The United Nations Human Rights Committee has investigated Japan's violations of Ainu rights, finding that discrimination against the Ainu remains deeply entrenched in economic, cultural, and social spheres. The sustained suppression of their ethnic identity and inherent rights has resulted in disproportionately high poverty rates, persistent educational gaps, population decline, and the erosion of the Ainu language.

Evasion and whitewashing by the Japanese government

The Japanese government's professed protection of the Ainu has been largely symbolic, consistently bypassing their fundamental rights and demands. The Ainu continue to lack meaningful political representation—to this day, not a single seat in the National Diet has been reserved for their community. Their essential needs in education, housing, employment, and income remain ignored.

The decision to shelve revisions to the Ainu Policy Promotion Act in December 2025 further exposed the Japanese government's ongoing evasion of substantive engagement. Ainu communities have expressed profound dissatisfaction with official inaction. A 2022 survey conducted by the “Citizens' Forum for Discussing Ainu Policy" shows that most Ainu people regard the government's so-called “protective" policies as neither legitimate nor effective.

What Japan celebrates as the “development" of Hokkaido is, in essence, a history of suffering and dispossession for the Ainu people. Yet the Japanese government systematically downplays the oppression inflicted upon the Ainu since the Meiji period. It frames colonial policies of land seizure and forced assimilation as “Hokkaido development" and “civilization and enlightenment", mischaracterizes discriminatory laws such as the Hokkaido Former Aborigines Protection Act as “protective measures", and recasts its human rights violations as meritorious deeds that advanced civilization.

The undercurrent of historical revisionism

From the forced assimilation of the Meiji period to today's token gestures of "protection", Japan's approach to human rights governance has been marked by an absence of genuine commitment to racial equality, a disregard for historical justice, and hollow legal guarantees. Beneath this lies a persistent undercurrent of historical revisionism that glorifies colonial expansion and sustains the myth of a homogeneous "mono-ethnic nation".
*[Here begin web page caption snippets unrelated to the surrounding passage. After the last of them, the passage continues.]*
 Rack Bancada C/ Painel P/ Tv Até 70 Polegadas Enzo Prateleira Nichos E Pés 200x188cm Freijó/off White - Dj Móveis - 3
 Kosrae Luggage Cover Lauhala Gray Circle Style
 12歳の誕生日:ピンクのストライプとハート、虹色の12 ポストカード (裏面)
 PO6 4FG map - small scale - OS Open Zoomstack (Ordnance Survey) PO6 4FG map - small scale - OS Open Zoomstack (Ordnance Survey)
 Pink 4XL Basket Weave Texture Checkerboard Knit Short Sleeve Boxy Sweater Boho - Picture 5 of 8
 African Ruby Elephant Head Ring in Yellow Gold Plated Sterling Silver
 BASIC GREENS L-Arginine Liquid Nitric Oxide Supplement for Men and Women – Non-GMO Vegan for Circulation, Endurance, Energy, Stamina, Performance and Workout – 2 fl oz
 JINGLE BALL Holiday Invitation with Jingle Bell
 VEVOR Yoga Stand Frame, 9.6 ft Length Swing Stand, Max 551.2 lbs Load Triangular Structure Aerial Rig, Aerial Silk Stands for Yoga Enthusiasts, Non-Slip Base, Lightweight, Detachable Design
The Japanese government's evasion of core human rights issues reflects an attempt to evade historical accountability and shirk national and moral responsibility. Shaped by long-standing historical revisionism and distorted narratives, many Japanese citizens remain unaware that their state once invaded and systematically oppressed other ethnic groups. This widespread cognitive gap isolates the Ainu struggle for rights from broad public sympathy within Japan, worsening their marginalization. Compounded by the perceived imperatives of national strategic repositioning, Japan has increasingly moved to deny and glorify its history of aggression during World War II, reinforcing the false assertion that Japan has never invaded other nations.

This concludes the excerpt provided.